Give the lines below again exactly, starting with the line that holds "Beaded Taffeta Gown" and going on through the line that holds "jeansjas met broek".

START Input records

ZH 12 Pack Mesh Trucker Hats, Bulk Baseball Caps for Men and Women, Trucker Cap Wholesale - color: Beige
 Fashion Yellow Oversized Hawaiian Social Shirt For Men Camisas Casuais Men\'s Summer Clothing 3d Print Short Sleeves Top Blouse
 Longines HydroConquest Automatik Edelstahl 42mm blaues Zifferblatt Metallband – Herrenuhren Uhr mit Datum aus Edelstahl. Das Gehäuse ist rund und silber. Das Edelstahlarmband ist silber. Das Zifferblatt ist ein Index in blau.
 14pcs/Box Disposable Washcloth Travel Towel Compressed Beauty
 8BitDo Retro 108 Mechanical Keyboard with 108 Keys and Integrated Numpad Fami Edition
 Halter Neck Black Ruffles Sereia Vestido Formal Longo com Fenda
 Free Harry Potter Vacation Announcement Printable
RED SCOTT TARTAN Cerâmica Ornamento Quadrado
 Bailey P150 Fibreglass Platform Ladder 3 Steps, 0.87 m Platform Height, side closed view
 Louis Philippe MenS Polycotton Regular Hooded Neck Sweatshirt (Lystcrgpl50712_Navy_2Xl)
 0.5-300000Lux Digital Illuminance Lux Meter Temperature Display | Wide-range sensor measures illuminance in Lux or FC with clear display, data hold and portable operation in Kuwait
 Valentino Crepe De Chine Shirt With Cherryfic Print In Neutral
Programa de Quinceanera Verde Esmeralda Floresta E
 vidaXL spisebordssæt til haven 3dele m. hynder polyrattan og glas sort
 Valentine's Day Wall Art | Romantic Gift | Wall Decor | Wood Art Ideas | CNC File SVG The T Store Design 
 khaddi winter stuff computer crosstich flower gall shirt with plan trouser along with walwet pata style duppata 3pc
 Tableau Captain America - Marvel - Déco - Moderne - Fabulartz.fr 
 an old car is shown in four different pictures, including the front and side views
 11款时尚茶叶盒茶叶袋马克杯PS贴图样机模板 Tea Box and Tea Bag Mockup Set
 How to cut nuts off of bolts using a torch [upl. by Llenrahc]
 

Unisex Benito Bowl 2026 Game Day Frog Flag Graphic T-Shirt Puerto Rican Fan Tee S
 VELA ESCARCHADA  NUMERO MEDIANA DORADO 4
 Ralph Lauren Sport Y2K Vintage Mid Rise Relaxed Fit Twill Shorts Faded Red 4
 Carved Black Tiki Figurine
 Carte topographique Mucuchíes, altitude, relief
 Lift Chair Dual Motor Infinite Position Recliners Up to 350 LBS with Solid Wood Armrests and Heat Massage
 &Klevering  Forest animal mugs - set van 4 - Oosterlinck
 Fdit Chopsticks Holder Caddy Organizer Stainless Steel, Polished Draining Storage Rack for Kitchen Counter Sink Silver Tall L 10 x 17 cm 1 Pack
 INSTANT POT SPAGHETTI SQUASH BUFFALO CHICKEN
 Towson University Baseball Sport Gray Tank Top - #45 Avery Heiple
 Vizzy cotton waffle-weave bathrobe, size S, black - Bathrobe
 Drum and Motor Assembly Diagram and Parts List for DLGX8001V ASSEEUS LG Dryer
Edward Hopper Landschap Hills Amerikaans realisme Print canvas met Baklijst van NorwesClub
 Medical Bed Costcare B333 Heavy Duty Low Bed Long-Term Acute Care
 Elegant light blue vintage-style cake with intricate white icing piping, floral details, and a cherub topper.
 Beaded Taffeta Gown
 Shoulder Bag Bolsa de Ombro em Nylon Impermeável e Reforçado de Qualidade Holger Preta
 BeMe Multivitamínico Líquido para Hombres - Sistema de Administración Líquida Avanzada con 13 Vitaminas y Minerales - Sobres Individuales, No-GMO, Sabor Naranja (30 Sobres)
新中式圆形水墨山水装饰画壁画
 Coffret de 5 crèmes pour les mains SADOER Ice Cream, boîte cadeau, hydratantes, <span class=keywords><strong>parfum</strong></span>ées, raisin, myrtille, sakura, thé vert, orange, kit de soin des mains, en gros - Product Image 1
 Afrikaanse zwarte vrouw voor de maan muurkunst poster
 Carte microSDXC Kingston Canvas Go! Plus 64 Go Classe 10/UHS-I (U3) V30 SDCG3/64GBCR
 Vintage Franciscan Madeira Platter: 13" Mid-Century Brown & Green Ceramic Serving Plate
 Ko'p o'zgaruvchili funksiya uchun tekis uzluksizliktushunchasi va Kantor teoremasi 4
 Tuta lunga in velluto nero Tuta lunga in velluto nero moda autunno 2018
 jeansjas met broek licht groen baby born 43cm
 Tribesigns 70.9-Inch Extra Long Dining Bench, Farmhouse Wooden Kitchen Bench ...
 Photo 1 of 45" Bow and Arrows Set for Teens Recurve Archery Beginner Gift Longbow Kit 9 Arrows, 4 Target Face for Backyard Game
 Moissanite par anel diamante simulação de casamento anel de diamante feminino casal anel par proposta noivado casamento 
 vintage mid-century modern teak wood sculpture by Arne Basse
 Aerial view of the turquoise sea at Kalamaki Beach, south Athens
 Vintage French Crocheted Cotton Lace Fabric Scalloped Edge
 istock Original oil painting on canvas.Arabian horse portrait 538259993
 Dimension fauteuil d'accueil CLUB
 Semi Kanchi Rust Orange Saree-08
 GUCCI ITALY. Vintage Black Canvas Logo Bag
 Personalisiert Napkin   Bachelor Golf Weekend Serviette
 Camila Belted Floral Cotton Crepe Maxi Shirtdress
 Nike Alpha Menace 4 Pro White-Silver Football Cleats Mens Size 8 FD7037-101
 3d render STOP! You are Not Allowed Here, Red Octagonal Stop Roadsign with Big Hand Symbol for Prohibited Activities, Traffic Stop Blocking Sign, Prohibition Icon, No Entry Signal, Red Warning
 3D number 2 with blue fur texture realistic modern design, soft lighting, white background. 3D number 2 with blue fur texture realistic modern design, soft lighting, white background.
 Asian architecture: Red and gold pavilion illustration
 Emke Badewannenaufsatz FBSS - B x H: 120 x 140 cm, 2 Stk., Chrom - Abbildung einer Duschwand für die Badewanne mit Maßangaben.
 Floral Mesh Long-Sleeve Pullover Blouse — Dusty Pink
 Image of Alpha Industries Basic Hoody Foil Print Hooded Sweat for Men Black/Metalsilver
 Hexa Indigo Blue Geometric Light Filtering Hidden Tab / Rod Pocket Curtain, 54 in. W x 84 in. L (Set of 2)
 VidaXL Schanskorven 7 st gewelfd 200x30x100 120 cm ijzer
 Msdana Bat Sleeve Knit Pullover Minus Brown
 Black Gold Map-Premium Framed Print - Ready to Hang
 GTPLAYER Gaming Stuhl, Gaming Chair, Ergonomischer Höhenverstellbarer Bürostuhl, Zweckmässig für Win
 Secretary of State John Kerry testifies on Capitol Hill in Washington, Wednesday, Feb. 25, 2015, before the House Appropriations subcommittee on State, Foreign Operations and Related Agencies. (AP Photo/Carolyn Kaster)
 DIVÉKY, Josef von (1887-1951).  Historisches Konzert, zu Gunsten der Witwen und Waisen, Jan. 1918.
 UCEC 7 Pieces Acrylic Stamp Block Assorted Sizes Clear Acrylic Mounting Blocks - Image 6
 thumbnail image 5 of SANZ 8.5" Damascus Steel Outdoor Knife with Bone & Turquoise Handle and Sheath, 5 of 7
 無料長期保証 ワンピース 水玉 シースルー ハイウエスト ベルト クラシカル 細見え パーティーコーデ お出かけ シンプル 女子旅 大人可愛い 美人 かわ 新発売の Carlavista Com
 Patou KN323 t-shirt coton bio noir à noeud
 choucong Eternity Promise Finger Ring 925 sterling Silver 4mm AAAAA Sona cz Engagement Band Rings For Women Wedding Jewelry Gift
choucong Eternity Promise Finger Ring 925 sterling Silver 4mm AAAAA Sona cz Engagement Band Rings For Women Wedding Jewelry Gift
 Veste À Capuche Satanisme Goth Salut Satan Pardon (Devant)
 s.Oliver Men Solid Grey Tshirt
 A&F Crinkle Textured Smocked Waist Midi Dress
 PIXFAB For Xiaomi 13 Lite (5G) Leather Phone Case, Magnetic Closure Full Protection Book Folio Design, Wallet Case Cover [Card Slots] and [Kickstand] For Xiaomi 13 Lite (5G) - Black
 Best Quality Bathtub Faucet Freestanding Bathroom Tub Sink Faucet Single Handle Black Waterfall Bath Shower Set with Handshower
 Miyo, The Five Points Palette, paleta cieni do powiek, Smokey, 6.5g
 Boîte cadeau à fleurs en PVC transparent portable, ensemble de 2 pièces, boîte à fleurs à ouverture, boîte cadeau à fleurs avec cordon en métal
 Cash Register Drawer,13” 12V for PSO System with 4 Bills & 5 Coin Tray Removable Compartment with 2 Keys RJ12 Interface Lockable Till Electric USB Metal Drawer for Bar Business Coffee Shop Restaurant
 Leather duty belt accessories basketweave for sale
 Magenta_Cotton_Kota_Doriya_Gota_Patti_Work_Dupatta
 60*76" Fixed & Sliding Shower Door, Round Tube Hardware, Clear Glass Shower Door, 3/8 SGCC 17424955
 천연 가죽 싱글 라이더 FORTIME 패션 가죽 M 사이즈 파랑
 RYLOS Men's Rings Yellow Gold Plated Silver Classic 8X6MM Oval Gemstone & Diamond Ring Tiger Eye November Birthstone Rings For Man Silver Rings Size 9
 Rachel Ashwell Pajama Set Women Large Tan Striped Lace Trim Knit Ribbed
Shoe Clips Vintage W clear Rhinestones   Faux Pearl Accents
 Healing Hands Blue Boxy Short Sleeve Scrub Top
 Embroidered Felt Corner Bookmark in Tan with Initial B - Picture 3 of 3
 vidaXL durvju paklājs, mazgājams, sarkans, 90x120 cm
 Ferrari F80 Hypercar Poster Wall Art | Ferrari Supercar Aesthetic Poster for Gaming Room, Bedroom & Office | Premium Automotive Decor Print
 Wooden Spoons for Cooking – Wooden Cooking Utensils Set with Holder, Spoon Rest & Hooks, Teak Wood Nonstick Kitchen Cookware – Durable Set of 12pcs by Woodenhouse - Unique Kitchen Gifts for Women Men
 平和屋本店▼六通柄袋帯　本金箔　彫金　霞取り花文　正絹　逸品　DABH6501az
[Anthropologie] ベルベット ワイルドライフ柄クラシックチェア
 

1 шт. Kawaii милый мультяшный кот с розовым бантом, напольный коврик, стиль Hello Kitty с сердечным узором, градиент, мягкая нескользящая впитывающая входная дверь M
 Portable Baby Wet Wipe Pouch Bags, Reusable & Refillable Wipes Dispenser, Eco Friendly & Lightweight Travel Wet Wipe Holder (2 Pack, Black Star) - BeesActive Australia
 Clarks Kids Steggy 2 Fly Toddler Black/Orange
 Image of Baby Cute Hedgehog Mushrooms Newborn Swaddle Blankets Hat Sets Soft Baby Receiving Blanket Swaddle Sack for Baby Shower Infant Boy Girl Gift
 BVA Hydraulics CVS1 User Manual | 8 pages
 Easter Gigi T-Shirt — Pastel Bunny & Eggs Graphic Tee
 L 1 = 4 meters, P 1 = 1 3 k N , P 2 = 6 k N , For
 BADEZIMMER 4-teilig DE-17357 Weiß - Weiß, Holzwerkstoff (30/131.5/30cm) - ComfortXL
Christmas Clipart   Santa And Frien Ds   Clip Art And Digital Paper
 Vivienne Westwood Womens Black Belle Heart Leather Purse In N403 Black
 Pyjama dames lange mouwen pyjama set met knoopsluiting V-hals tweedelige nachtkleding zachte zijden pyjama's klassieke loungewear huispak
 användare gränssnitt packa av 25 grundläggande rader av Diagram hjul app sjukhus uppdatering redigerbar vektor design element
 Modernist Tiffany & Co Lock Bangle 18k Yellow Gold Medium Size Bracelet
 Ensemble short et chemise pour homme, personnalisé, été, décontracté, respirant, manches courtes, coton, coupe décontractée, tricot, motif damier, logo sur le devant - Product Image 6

END Input records

Response to this task:
 Beaded Taffeta Gown
 Shoulder Bag Bolsa de Ombro em Nylon Impermeável e Reforçado de Qualidade Holger Preta
 BeMe Multivitamínico Líquido para Hombres - Sistema de Administración Líquida Avanzada con 13 Vitaminas y Minerales - Sobres Individuales, No-GMO, Sabor Naranja (30 Sobres)
新中式圆形水墨山水装饰画壁画
 Coffret de 5 crèmes pour les mains SADOER Ice Cream, boîte cadeau, hydratantes, <span class=keywords><strong>parfum</strong></span>ées, raisin, myrtille, sakura, thé vert, orange, kit de soin des mains, en gros - Product Image 1
 Afrikaanse zwarte vrouw voor de maan muurkunst poster
 Carte microSDXC Kingston Canvas Go! Plus 64 Go Classe 10/UHS-I (U3) V30 SDCG3/64GBCR
 Vintage Franciscan Madeira Platter: 13" Mid-Century Brown & Green Ceramic Serving Plate
 Ko'p o'zgaruvchili funksiya uchun tekis uzluksizliktushunchasi va Kantor teoremasi 4
 Tuta lunga in velluto nero Tuta lunga in velluto nero moda autunno 2018
 jeansjas met broek licht groen baby born 43cm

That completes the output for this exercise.